Insgesamt ist das rad aber zu empfeheln hat eine ganz entspannte geo (mich stört nur das 20.5 oberrohr), welche einem mountainbike im gegensatz zu vielen anderen bmx rädern noch relativ nahe kommt(das mit der geo ist übrigends ein rein subjektives geühl von mir).
an deiner stelle würde ich das bike kaufen, wenn du wirklich ernsthaft anfangen willst bmx zu fahren sonst hat es keinen sinn


----------



## King Jens one (17. August 2006)

Also das Addict ist geil damit hab ick auch angefangen! Musst nur gucken welches Baujahr das addict ist. Das 05 war ganz geil noch mit US BB und US BB rockt wie sau ick finde euro und spanish bb suckt!!!


----------



## scott yz0 (17. August 2006)

Addict Rocks! Nimm es SOFORT!!!!


----------



## Linde (17. August 2006)

also obwohl ich aus der mtb ecke komm kann ichs dir empfehlen, weil des bei uns auch 4 leute fahrn und ich bin mit dem auch schon gefahrn, finds echt geil, kann ich nur empfehln!


----------



## Flowz (17. August 2006)

also es ist ein 06er modell.. griffe kette sattel sattelstütze hinterrer reifen und bremshebel wurden schon getauscht!


----------



## MTB-News.de




----------



## RISE (17. August 2006)

Wie alle anderen schon sagen: nimm es.

Das Ding ist zum Einstieg richtig gut, fährt sich auch wunderbar. Für den Preis machst du ohnehin nichts falsch. Und wenn deine Freunde schon Teile ausgetauscht haben, werden die auch nicht wesentlich schlechter sein.
Ist doch mal was kaputt, hast du mit dem Rahmen / Gabel etc schon eine sehr solide Basis.


----------



## vollepullebmx (18. August 2006)

Flowz schrieb:
			
		

> also es ist ein 06er modell.. griffe kette sattel sattelstütze hinterrer reifen und bremshebel wurden schon getauscht!

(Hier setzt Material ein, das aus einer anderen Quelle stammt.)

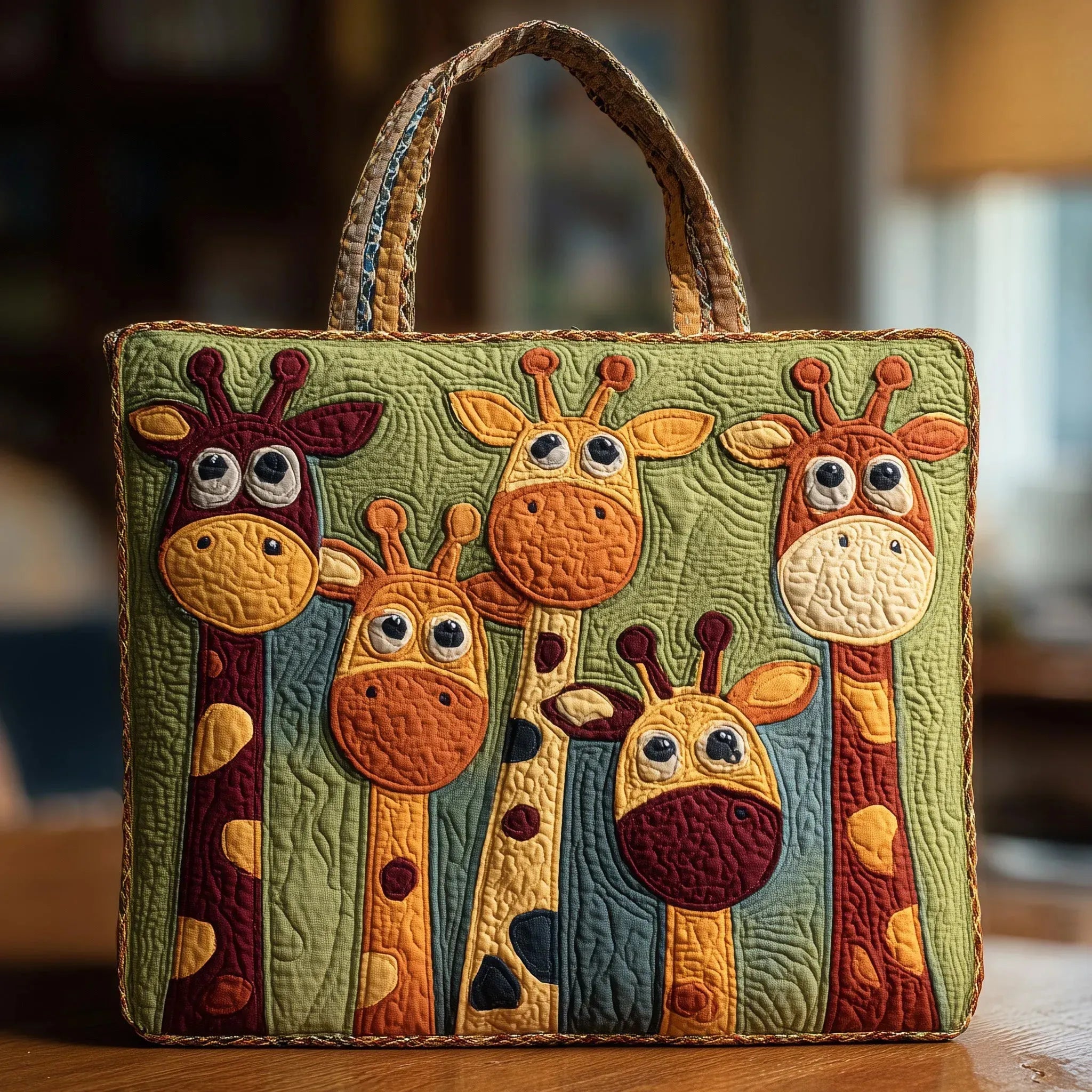 Bolsa acolchada con jirafa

warum wurden die wohl getauscht ?

Ich kenne 3 Jungs denen der chrom an der hinteren felge abgeplatzt ist so gut ist die Kiste auch nicht


----------



## SIDDHARTHA (18. August 2006)

vollepullebmx schrieb:
			
		

> warum wurden die wohl getauscht ?
> 
> Ich kenne 3 Jungs denen der chrom an der hinteren felge abgeplatzt ist so gut ist die Kiste auch nicht



Bei welchem Addict? Das 06er hat gar kein Chrom das ist ne ganz normale polierte Bremsflanke


WTP hat übrigens die 07er Collektion online gestellt.

http://wethepeople.de/V3/product/201

Das neue Addict ist der Wahnsinn. Ich vermute aber es wird teurer.

Wethepeople dual compound low krayton Defcon grips
KMC premium Z510 chain
Salt CNC'd alloy sprocket
Wethepeople Jagwire aftermarket slick cable
Quality Alex rims
Cassette Hub wih 12t cog


----------



## vollepullebmx (20. August 2006)

SIDDHARTHA schrieb:
			
		

> Bei welchem Addict? Das 06er hat gar kein Chrom das ist ne ganz normale polierte Bremsflanke
> 
> 
> WTP hat übrigens die 07er Collektion online gestellt.
> ...



Ich weiß nur das da originale WTP Laufräder in chrom drin waren vieleicht nachgerüstet.

Ob das 07er Bike der Wahnsinn ist weiß ich nicht das 06 war es nicht sorry.
Ok das ist ein gutes Bike daran will ich auch nichts aussetzen...aber der Preis !!!
Ein gutes Bike kann fast jeder zusammen stellen nur am Ende wird es teuer.

Wenn Preis/Leistung stimmen ist es gut sonnst nicht denn teuer kann jeder.

Firmen wie Stolen, DK oder Eastern bauen Bikes für weniger Geld mit gleicher Qualität meißtens sogar besser


----------



## Flowz (20. August 2006)

vollepullebmx schrieb:
			
		

> IOk das ist ein gutes Bike daran will ich auch nichts aussetzen...aber der Preis !!!
> Ein gutes Bike kann fast jeder zusammen stellen nur am Ende wird es teuer.
> 
> Wenn Preis/Leistung stimmen ist es gut sonnst nicht denn teuer kann jeder.
> ...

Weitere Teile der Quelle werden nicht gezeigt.